Poet and critic Katha Pollitt remembers Poetry magazine contributor Christopher Hitchens in a recent post for the Nation, providing a balance to a lot of the misty-eyed eulogizing of the past few days. She allows that Hitchens' had many admirable qualities (he was, she reports, "clever, hilarious, generous to his friends, combative,  prodigiously energetic and fantastically productive"), but she refuses to overlook his darker side. "So many people have praised Christopher so effusively," she writes, "I want to complicate the picture even at the risk of seeming churlish."

She reflects on his drinking, which "made him angry and combative and bullying, often toward people who were way out of his league -- elderly guests on the Nation cruise, interns (especially female interns)." And while she allows that his writing was so strong that he could indeed write while "sozzled," it still hurt his logic: "those passages of pointless linguistic pirouetting? The arguments that don’t track if you look beneath the bravura phrasing?
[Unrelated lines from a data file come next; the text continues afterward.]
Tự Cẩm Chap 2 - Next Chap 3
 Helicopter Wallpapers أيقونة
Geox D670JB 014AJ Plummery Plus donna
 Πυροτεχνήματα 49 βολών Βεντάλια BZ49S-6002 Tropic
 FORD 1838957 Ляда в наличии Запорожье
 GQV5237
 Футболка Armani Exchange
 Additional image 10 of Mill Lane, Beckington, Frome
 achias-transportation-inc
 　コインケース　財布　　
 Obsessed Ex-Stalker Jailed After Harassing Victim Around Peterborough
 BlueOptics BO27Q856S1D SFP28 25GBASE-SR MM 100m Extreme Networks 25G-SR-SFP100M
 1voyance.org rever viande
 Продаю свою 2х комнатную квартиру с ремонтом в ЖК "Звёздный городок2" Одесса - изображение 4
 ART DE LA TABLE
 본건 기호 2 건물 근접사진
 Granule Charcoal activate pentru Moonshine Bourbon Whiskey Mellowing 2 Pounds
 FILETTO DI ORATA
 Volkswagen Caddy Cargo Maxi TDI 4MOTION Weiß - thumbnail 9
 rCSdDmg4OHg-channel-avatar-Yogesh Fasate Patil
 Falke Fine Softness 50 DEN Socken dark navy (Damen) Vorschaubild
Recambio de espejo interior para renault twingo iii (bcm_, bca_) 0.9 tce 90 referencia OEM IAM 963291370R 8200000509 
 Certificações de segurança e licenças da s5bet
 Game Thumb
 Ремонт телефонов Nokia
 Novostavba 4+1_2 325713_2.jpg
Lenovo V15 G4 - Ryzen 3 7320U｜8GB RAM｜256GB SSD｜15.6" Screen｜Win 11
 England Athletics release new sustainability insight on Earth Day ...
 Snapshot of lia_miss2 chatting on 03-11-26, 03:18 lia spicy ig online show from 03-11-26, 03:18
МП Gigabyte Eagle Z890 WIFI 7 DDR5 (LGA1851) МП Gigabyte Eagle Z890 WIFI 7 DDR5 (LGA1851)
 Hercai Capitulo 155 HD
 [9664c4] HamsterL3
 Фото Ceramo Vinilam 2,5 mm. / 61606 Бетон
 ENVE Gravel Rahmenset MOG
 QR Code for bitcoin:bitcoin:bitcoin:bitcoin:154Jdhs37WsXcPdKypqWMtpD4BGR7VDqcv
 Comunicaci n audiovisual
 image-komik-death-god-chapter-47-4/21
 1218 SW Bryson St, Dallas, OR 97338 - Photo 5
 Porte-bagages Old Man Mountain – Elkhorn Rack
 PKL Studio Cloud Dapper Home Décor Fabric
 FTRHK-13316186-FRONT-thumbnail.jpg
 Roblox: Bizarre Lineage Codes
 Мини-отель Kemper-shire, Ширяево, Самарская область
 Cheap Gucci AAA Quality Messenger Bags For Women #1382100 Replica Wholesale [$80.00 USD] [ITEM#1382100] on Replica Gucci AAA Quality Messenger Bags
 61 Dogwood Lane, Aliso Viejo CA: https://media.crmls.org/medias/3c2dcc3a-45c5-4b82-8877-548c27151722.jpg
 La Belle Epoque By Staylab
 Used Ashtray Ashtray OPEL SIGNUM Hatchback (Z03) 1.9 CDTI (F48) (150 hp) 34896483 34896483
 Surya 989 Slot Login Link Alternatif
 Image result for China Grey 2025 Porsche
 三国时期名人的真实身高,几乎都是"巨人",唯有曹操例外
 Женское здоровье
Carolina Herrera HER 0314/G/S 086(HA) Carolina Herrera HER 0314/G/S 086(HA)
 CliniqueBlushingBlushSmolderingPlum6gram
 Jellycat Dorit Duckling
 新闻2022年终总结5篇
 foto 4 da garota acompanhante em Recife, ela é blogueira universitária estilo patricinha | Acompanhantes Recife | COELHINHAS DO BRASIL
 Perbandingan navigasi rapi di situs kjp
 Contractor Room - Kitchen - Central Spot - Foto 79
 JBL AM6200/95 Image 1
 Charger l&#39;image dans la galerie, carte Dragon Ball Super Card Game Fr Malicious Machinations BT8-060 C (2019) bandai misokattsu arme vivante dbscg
Forgive the cliché: that was the booze talking."

Her most pointed words are reserved for Hitchens' writing about women:

So far, most of the eulogies of Christopher have come from men, and there’s a reason for that. He moved in a masculine world, and for someone who prided himself on his wide-ranging interests, he had virtually no interest in women’s writing or women’s lives or perspectives. I never got the impression from anything he wrote about women that he had bothered to do the most basic kinds of reading and thinking, let alone interviewing or reporting—the sort of workup he would do before writing about, say, G.K. Chesterton, or Scientology or Kurdistan. It all came off the top of his head, or the depths of his id. Women aren’t funny. Women shouldn’t need to/want to/get to have a job. The Dixie Chicks were “fucking fat slags” (not “sluts,” as he misremembered later). And then of course there was his 1989 column in which he attacked legal abortion and his cartoon version of feminism as “possessive individualism.” I don’t suppose I ever really forgave Christopher for that.

The whole thing is pretty unsparing (you can read it in its entirety here), but she does pull back a bit at the end:

A lot of writers, especially political writers, are rather boring as people, and some of the best writers are the most boring of all—they’re saving themselves for the desk. Christopher was the opposite—an adventurer, a talker, a bon vivant, a tireless burner of both ends of the candle. He made a lot of enemies, but probably more friends. He made life more interesting for thousands and thousands of people and posed big questions for them—about justice, politics, religion, human folly. Of how many journalists can that be said?